Water charges coverage

Some of this is about corporate performance. And some of it is about chafing at the intrusions of journalism. Fine Gaelers constantly raise the coverage of the campaign against water charges (one senior Fianna Fáiler tells me: “They have a point”). “RTÉ opposed water charges and did everything they could to bring them down,” says one Minister. Many others have said much the same to me.

My view is that Fine Gael greatly overstates the water charges stuff. But the important thing for RTÉ to understand is that Fine Gael really, really believes it. As Tony O'Reilly observed, governments always feel persecuted by the media; oppositions always feel ignored.

One Minister, citing a recent interview, says it was plain that the presenter thought their job was simply to “get” them. “You’re sitting across from a presenter who is better paid than you, who works fewer hours than you do and the whole thing is an attempt to create a gotcha moment,” the Minister says.
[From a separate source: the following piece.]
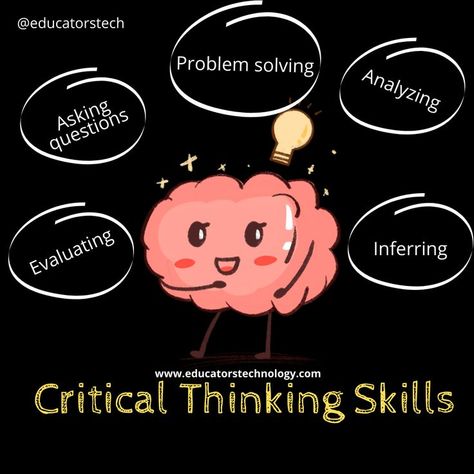 The 8 Elements of The Critical Thinking Process Critical Thinking Illustration, Critical Thinking Poster, Ece Classroom, Thinking Process, Creative Thinking Skills, School Kids Crafts, Mom Poems, Classroom Management Techniques, 21st Century Skills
Is that view shared by other Ministers? “I’d say every single one of them. There wouldn’t be a dissenting voice.”

Well, diddums. Some of this is just whingey; some of it is petty. Ministers have entire departments to back them up, press officers, spin doctors and advisers hired at the public’s expense; they are in a struggle for political advantage in which inconvenient facts can be ignored and information manipulated to their advantage. Part of journalism’s job is to make Ministers uncomfortable.
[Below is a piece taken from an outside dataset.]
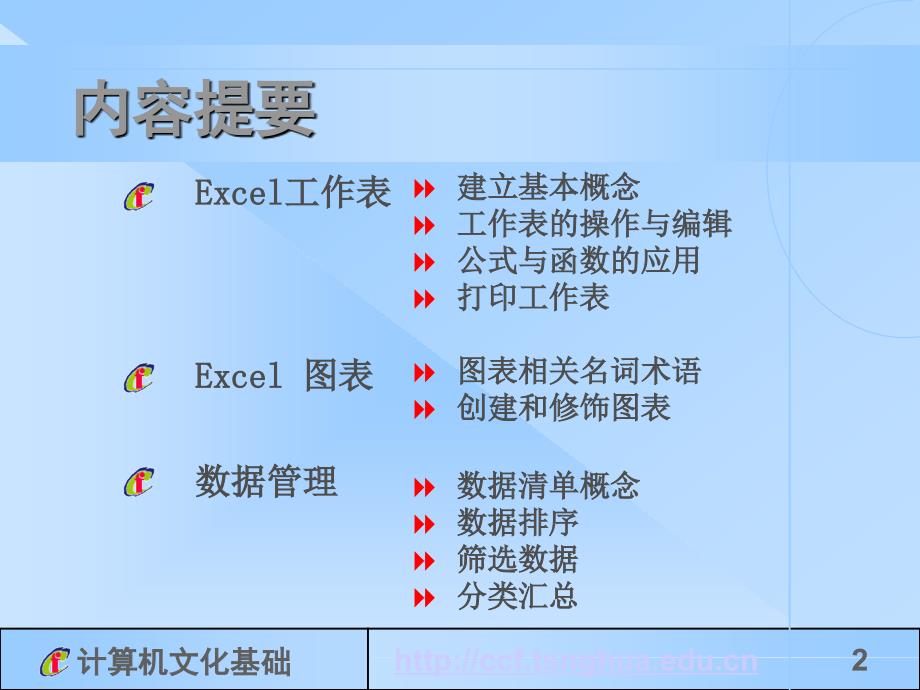 计算机文化基础计算机与信息管理中心2001年_第2页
Ministers do realise its funding model is broken and has to be fixed. They will want to see the broadcaster implement pretty severe austerity measures

But some of it may be justified. Even RTÉ’s stoutest defenders would admit that its coverage of issues can sometimes amplify demands for more public spending without the context of necessarily confined budgets. After all, to spend in one area means not spending in another. Powerful interests tend to get less scrutiny than Ministers. Whatever you think of this, the perception in Government is real, it is keenly felt, and it is a dynamic that RTÉ bosses will have to deal with. It is they, after all, who are asking the Government for help.

Tough decisions

It would be hard to find a politician that hasn’t smirked a bit at RTÉ’s woes. But there is movement in the hive mind of Government this week. Several conversations with Ministers and others suggest to me that the smirking is giving way to something a bit more mature – a sense that while it may not like it, it is the Government’s responsibility to help RTÉ to preserve the important things that it does.
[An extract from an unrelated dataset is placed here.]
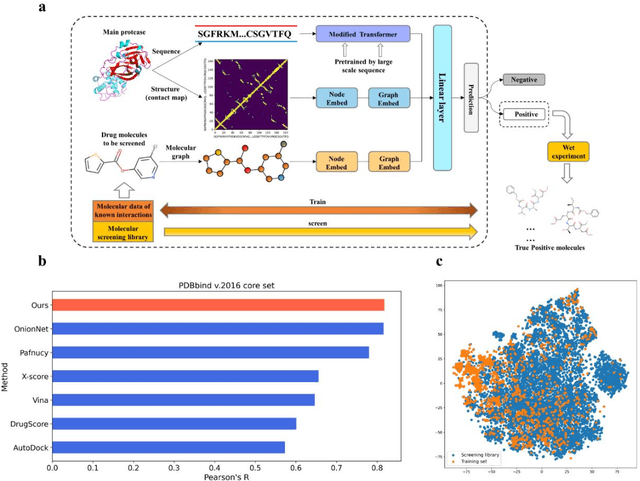 Figure 2 for A Novel Framework Integrating AI Model and Enzymological Experiments Promotes Identification of SARS-CoV-2 3CL Protease Inhibitors and Activity-based Probe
Ministers do realise its funding model is broken and has to be fixed. They will want to see the broadcaster implement pretty severe austerity measures. They also want – not unreasonably – RTÉ to come forward and say what it means by public service broadcasting and what should be protected.

“Look, everyone actually believes in public service broadcasting,” says one person on the sensible wing of Fine Gael. “But what is it? Why aren’t RTÉ telling us what it is?”

Another Minister wonders: "How come TV3 [Virgin Media One] can have a nightly politics show and RTÉ can't?"

RTÉ will have to do some hard thinking and make some tough decisions – perhaps more than it thinks. If it does that, my strong sense after this week is that there is light at the end of the tunnel. But it will be, I am afraid, a long and dark tunnel.